I am preparing a new version of the algorithm we use for benchmarking APIs that we include in the Streamdata.io API performance gallery. Historically we’ve calculated a percentage of savings for client bandwidth savings, server bandwidth savings, and server CPU savings for each API. But is API performance just about that? As I rework the benchmark tool, and establish a more automated set of APIs for managing the process, I’m taking a fresh look at the inputs and outputs necessary to measure and understand the APIs we are showcasing. I am keeping most of the variables in the refresh of our benchmark algorithm, but I’m looking to reboot it, automate it a little bit, and possibly give a new name–Streamrank.
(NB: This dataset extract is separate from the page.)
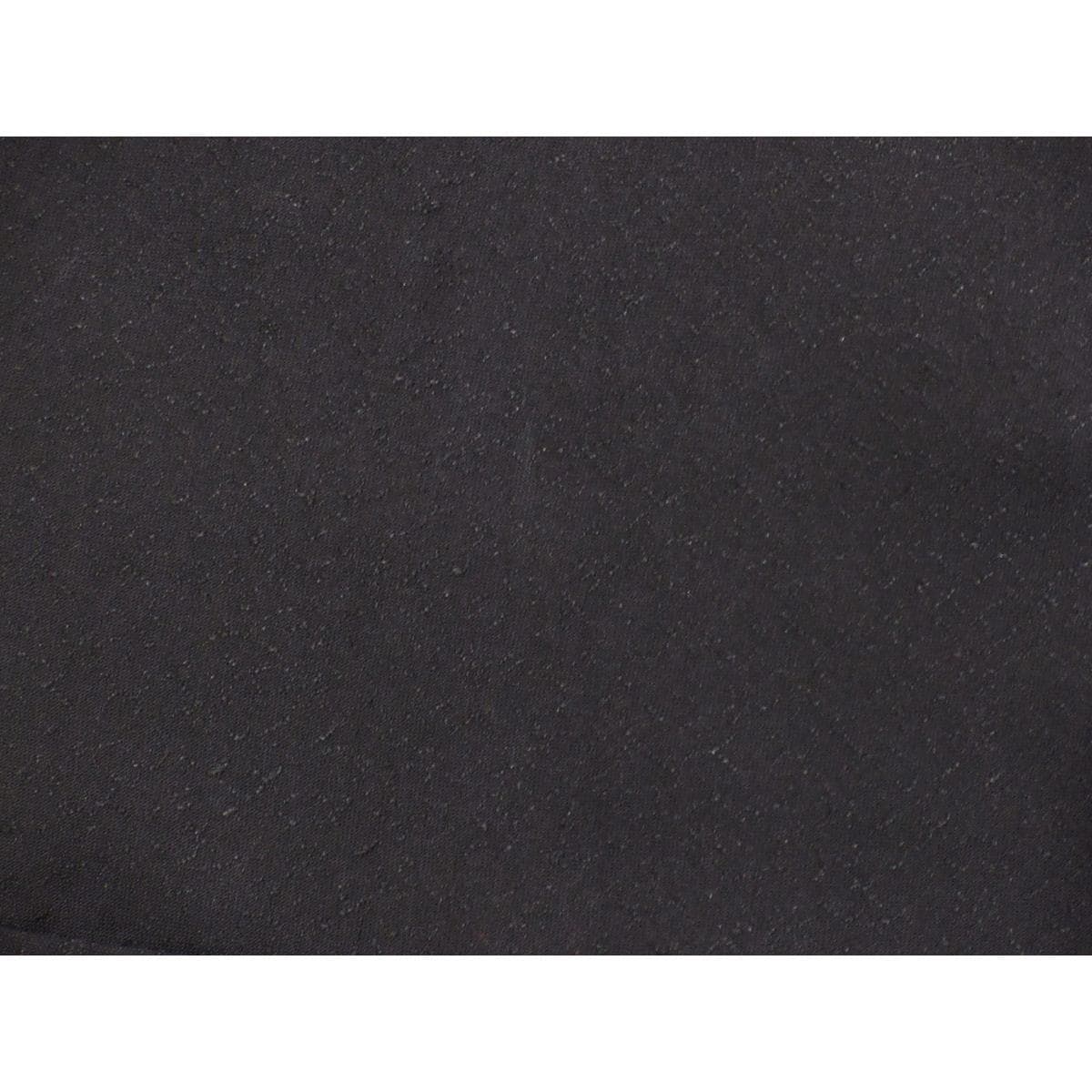 訪問着　友禅金彩加工　ボカシ染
This is just a draft of the algorithm, but I wanted to tell the story, in hopes of making sure it makes sense.
After I document and sign up for API access, I poll each API on a 60 second interval, for at least 24 hours (if possible).
– Download Size – What is the API response download size when I poll an API?
– Download Time – What is the API response download time when I poll an API?
– Did It Change – Did the response change from the previous response when I poll an API?
I track this data for each API response, record results in a database, and then I take the average across the targeted time period. It seems like a good indicator of the API performance.
Next, I take the same API and I proxy it with Streamdata.io and run the stream for as along as I was polling–ideally, simultaneously with polling.
– Download Size – What is the initial response, and incremental download size for each JSON patch in stream?
– Download Time – what what the initial response, and incremental download time for each JSON patch in stream?
I track this data for each API response, record results in a database, and then I take the average across the targeted time period.
Once I have the base numbers for polling, and for streaming, I figure out the percentage difference between the average polling and streaming for size and time -the percentage of change is calculated based upon changes from polling only.
– Size – What is the percentage difference between the average polling and streaming size of responses?
– Time – What is the percentage difference between the average polling and streaming time of responses?
– Change – What is the percentage of change for polling responses?
Once I have these numbers I translate them into my three main Streamrank scores, helping communicate the efficiencies that Streamdata.io brings to the table:
– Bandwidth Savings – How much bandwidth can be saved?
– Processor Savings – How much processor time can be saved?
– Real Time Savings – How real time an API resource is, which amplifies the savings?
While real time is definitely a factor here, Streamrank is meant to demonstrate that Streamdata.io is more than just being about real time streaming of data, and can deliver some serious efficiency gains.
5. Details of Test
We are interested in being as transparent about Streamrank as we possibly can, which is why I’m telling this story, and we will be publishing other details of the test for each API:
– Date of Test – When did we last run the test? I’m hoping we can do regularly.
– Duration of Test – What was the overall duration of the benchmark testing?
– Polling Frequency – How often are we polling? Default is 60 seconds.
The accuracy, and impact of the test varies from API to API. There are many different dimensions to how an API can be polled or streamed, and often times the tests hits their mark, while other times it can be pretty inconclusive. The goal isn’t to be 100% right, it is just to help quantify how we can think differently about the resources we are serving up with our APIs.
I have this draft benchmark in place, and wrapped as an API. I can pass it an OpenAPI for any API we want to test, and it will poll and stream for the designated time period, and calculate the results. As I run it against more of the APIs we are profiling I will continue to adjust and dial in, looking for other ways I can improve upon the algorithm. The goal is to be transparent with the algorithm, as well as the results, and encourage API providers and consumers to get involved, and help us improve the results to better understand API performance.
I’d also like to find ways of better articulating the results, such as applying the bandwidth and processor savings to AWS ,Azure, and Google cloud platform pricing–demonstrating how using Streamdata.io can pencil out financially. The process has already taught me a lot about how efficient, or inefficient APIs can be, and we are hoping that it will do the same with the API providers we are introducing to our services, and API consumers we are targeting with the Streamdata.io API Gallery.